Data is replicated and stored redundantly over multiple servers for availability in distributed databases. In this thesis, we first study the impact of redundancy on system latency in distributed databases. We focus on databases with frequent reads and writes, where both read and write latencies are important. This is in contrast to databases designed primarily for either read or write applications. Redundancy has contrasting effects on read and write latency. Read latency can be reduced by potential parallel access from multiple servers, whereas write latency increases as a larger number of replicas have to be updated. We quantify this tradeoff between read and write latency as a function of redundancy and provide a closed-form approximation when the request arrival is Poisson and the service is memoryless. We empirically show that this approximation is tight across all ranges of system parameters. Thus, we provide guidelines for redundancy selection in distributed databases. Further, we demonstrate the existence of optimal redundancy even in systems with non-memoryless service through simulations and experiments on practical systems.
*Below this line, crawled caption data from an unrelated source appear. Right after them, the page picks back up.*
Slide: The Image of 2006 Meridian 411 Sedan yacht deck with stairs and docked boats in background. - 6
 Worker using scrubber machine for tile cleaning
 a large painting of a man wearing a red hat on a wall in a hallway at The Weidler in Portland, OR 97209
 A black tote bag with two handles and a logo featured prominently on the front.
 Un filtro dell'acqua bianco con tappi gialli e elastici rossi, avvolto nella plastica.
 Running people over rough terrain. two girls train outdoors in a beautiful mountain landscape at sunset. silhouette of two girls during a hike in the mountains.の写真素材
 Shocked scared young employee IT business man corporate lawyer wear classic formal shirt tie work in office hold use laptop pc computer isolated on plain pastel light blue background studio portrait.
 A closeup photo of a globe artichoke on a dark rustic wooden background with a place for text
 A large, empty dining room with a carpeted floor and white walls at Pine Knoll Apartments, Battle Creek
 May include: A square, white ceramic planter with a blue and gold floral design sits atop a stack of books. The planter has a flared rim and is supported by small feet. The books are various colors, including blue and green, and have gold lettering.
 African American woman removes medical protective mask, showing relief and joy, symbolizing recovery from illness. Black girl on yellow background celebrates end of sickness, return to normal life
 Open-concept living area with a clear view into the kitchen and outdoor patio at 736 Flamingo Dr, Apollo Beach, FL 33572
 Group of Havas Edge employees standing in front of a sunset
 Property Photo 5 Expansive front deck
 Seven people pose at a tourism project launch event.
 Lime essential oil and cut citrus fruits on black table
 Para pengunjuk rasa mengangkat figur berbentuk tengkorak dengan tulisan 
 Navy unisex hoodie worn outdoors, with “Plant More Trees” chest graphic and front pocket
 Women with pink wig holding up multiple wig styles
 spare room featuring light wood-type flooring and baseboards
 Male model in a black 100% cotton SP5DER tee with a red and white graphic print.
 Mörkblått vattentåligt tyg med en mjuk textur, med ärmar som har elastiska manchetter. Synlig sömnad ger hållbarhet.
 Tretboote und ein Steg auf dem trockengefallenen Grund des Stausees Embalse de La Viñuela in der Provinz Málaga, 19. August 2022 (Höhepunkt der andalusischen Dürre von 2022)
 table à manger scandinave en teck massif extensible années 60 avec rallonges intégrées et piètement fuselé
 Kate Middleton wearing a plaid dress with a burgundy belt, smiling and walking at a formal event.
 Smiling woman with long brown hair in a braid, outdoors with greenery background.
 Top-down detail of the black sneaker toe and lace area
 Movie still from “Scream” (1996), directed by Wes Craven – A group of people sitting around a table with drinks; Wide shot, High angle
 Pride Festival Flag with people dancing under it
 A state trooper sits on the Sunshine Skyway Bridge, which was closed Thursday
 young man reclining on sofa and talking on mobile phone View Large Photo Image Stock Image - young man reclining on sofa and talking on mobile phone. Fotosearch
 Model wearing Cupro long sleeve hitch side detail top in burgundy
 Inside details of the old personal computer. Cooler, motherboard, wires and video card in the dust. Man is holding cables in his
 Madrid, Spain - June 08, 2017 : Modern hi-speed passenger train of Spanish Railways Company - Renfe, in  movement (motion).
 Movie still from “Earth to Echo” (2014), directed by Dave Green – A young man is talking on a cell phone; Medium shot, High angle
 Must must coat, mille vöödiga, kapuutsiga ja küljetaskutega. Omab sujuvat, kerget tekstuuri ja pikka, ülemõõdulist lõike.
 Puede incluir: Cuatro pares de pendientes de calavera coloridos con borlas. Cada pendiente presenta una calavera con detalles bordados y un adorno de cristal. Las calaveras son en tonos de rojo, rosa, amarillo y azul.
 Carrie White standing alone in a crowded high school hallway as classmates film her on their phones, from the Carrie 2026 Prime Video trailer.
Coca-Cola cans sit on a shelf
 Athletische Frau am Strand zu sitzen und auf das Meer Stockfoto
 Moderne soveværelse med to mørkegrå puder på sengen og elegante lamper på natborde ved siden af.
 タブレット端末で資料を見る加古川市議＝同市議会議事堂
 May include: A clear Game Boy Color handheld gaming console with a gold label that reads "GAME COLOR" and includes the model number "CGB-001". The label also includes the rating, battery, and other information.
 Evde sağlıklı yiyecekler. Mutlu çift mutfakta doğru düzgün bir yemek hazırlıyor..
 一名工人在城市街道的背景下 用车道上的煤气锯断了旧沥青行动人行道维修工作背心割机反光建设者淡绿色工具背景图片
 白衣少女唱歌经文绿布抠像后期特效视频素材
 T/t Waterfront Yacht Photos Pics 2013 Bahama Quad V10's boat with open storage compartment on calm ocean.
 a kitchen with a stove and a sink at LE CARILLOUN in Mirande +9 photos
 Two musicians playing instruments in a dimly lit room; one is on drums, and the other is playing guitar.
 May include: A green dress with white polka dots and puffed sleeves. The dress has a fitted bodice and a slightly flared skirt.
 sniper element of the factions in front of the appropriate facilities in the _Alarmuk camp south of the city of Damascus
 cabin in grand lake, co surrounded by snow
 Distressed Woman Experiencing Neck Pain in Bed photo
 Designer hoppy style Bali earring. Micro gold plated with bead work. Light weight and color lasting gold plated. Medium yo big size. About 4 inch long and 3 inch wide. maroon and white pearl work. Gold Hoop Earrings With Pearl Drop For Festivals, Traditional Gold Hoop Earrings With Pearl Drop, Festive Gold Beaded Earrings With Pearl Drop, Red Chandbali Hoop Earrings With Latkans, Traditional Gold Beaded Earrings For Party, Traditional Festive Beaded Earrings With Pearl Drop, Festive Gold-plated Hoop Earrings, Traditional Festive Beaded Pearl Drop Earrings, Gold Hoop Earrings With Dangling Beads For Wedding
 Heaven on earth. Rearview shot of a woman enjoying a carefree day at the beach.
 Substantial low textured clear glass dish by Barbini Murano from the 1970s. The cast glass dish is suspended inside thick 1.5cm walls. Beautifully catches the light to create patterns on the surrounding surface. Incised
Secondly, we propose a redundant scheme that introduces repair locality in distributed computation. In contrast to the previous model, we consider performing computations other than simple read and write across the distributed system. In distributed computing, a computation job is split into multiple tasks, and the tasks are executed over multiple nodes. In such a setting, slow compute nodes, referred to as stragglers, pose a bottleneck on the job computation time. For distributed computing of multivariate polynomials, Lagrange coded computing (LCC) proposed in literature tolerates an optimal number of stragglers while providing security against adversaries. Introducing repair locality in this setting reduces the number of worker nodes contacted to recover a particular computation and allows clients/intermediate nodes to compute individual function outputs. We propose a distributed polynomial computing scheme, where data is encoded using Tamo-Barg codes with carefully chosen parameters. We show that the scheme tolerates a larger number of stragglers when compared to the repeated LCC and Product Lagrange coded schemes for certain parameters. Furthermore, we provide an alternate proof for the optimality of LCC for multilinear functions based on properties of multivariate polynomial interpolation.